What to work on. Here, set down only the lines between the line that contains "A CT angiography" and the final line of the material, both included, exactly as written. Skip the pictures.
*** Material provided Section Begins ***
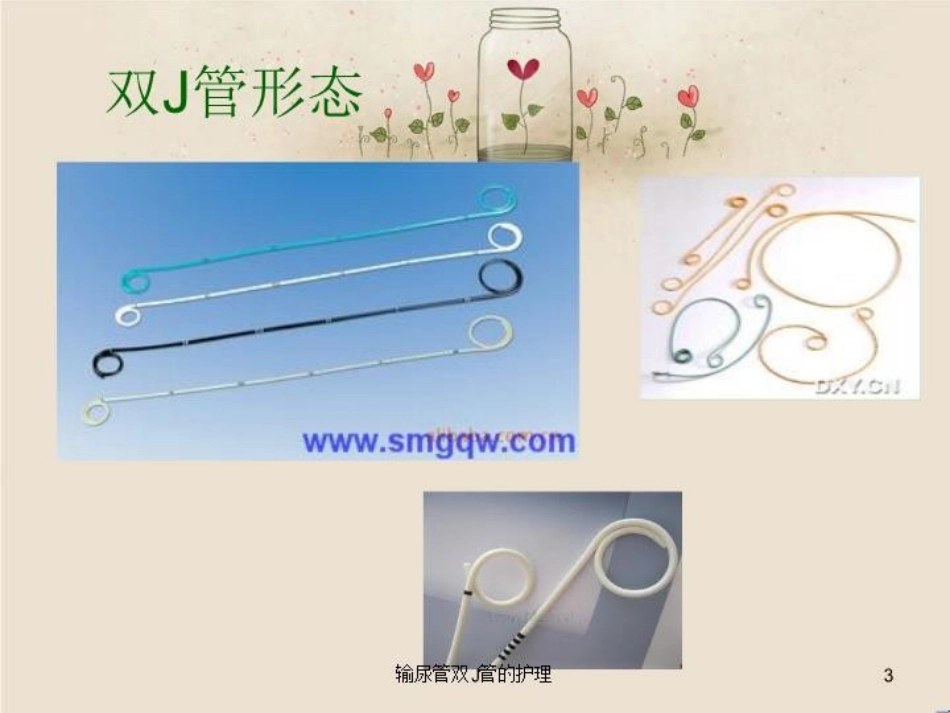 输尿管双J管的护理培训课件.pptx_第3页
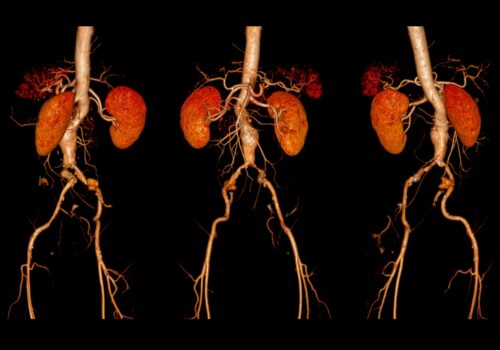 A CT angiography of the abdominal aorta to represent an abdominal aortic aneurysm and the potential of metformin as a pharmacological intervention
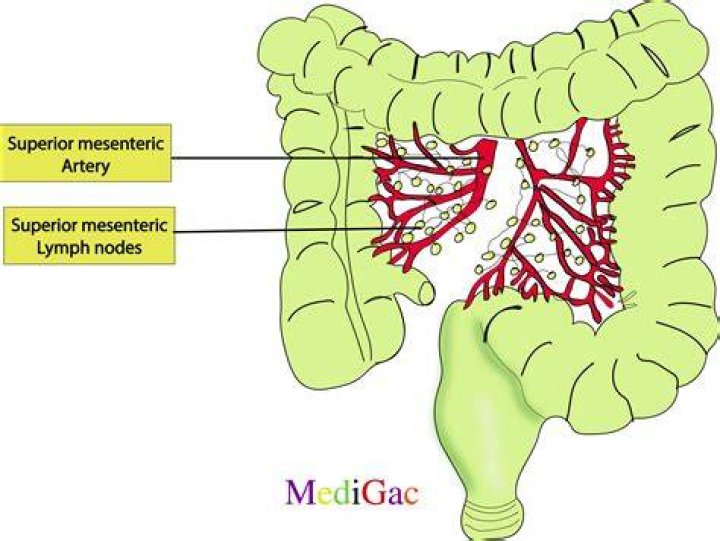 Can mesenteric adenitis lead to cancer?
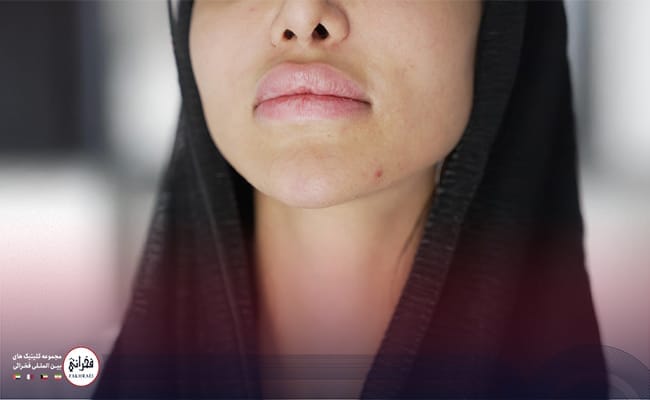 تزریق ژل لب مدل اردکی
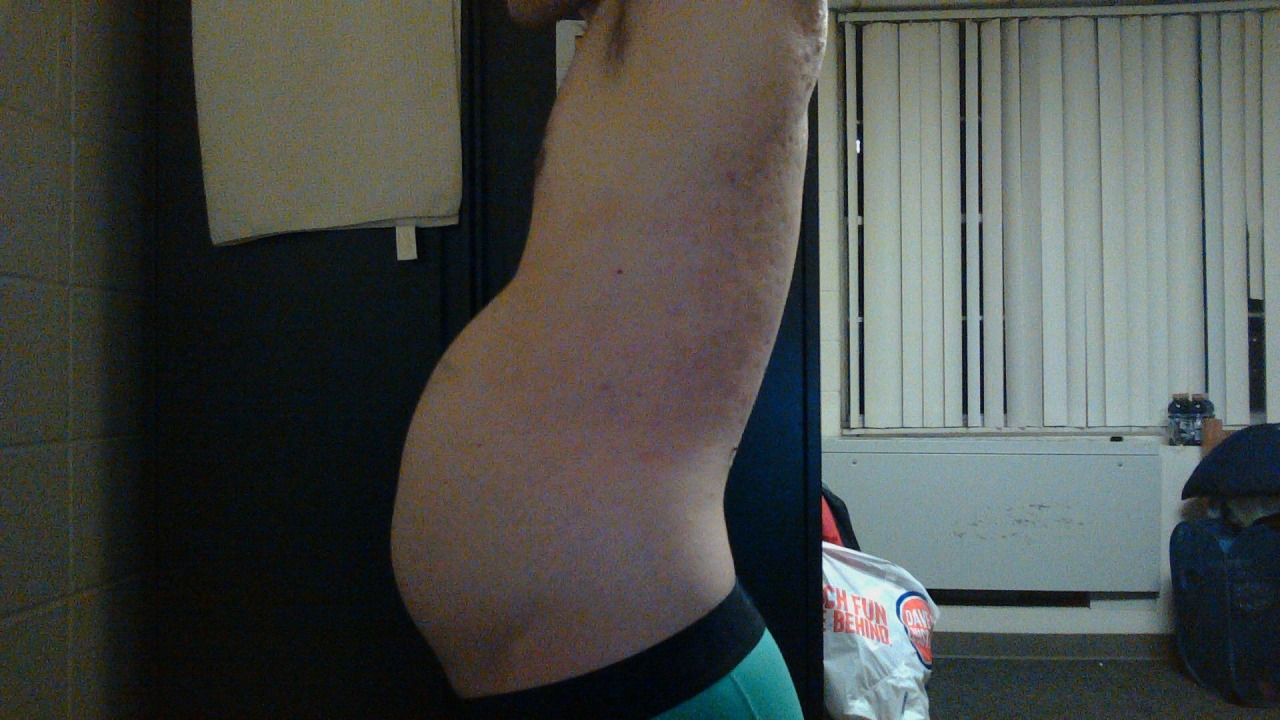 bigwolfcakebelly:  My first year of gaining. :) Here’s to hopefully doubling my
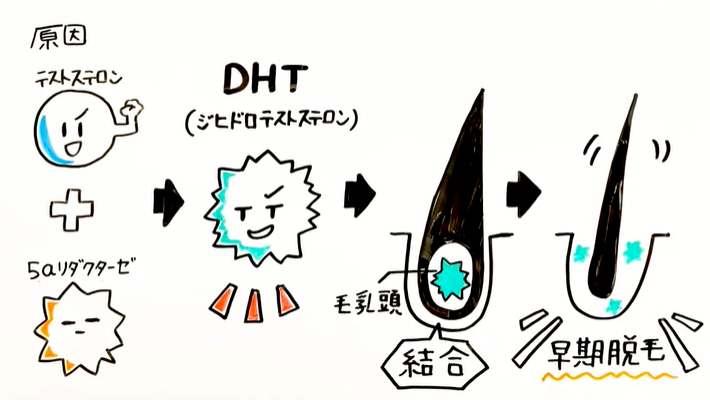 ヘアサイクルが乱れ、AGAを発症するメカニズム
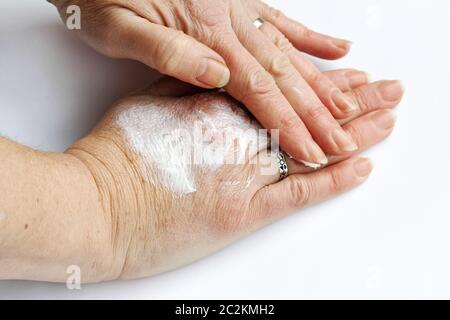 A woman rubs her hands with an ointment of pain. Hand cream against dry skin Stock Photo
*** Material provided Section Ends ***
Problem solution.
 A CT angiography of the abdominal aorta to represent an abdominal aortic aneurysm and the potential of metformin as a pharmacological intervention
 Can mesenteric adenitis lead to cancer?
 تزریق ژل لب مدل اردکی
 bigwolfcakebelly:  My first year of gaining. :) Here’s to hopefully doubling my
 ヘアサイクルが乱れ、AGAを発症するメカニズム
 A woman rubs her hands with an ointment of pain. Hand cream against dry skin Stock Photo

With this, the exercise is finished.